▶ **DATA FOR REVIEW**
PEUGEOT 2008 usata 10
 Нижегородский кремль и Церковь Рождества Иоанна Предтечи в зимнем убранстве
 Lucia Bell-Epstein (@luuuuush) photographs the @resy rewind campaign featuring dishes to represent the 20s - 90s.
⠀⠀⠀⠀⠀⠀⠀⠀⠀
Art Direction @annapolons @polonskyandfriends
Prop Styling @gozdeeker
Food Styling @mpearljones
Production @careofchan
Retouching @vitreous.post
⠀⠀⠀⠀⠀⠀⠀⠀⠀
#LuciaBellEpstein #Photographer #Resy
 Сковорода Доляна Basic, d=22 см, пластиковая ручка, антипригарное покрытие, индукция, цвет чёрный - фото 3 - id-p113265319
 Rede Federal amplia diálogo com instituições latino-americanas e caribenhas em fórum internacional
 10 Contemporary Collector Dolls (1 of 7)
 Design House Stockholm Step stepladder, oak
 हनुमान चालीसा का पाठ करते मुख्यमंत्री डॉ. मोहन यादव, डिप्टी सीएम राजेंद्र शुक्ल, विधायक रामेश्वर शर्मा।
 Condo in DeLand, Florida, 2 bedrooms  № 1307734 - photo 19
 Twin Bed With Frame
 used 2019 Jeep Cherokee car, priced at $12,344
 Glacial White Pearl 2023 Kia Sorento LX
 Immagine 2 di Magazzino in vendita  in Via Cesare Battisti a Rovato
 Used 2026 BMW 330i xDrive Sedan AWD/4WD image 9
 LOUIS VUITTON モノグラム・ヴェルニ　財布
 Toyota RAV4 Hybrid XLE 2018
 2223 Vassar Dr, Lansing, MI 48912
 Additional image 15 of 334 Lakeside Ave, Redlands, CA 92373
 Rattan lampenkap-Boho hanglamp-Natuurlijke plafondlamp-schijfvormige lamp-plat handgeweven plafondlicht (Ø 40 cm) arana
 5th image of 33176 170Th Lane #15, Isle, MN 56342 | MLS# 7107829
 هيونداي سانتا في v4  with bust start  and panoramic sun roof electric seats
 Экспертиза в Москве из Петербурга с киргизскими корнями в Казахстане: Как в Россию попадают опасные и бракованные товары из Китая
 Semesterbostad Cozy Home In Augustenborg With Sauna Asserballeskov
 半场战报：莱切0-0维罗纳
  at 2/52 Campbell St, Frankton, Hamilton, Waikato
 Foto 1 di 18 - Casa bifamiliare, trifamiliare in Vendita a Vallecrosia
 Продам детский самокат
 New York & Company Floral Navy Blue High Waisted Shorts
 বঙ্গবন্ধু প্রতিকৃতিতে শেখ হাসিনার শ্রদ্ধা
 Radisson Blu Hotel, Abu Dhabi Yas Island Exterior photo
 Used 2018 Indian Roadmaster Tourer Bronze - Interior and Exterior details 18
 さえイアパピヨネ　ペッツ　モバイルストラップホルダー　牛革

▶ **REQUIREMENT**
Wherever a line of the records above contains the string "Styling", copy that line out.

▶ **RESPONSE TO THIS TASK**
Prop Styling @gozdeeker
Food Styling @mpearljones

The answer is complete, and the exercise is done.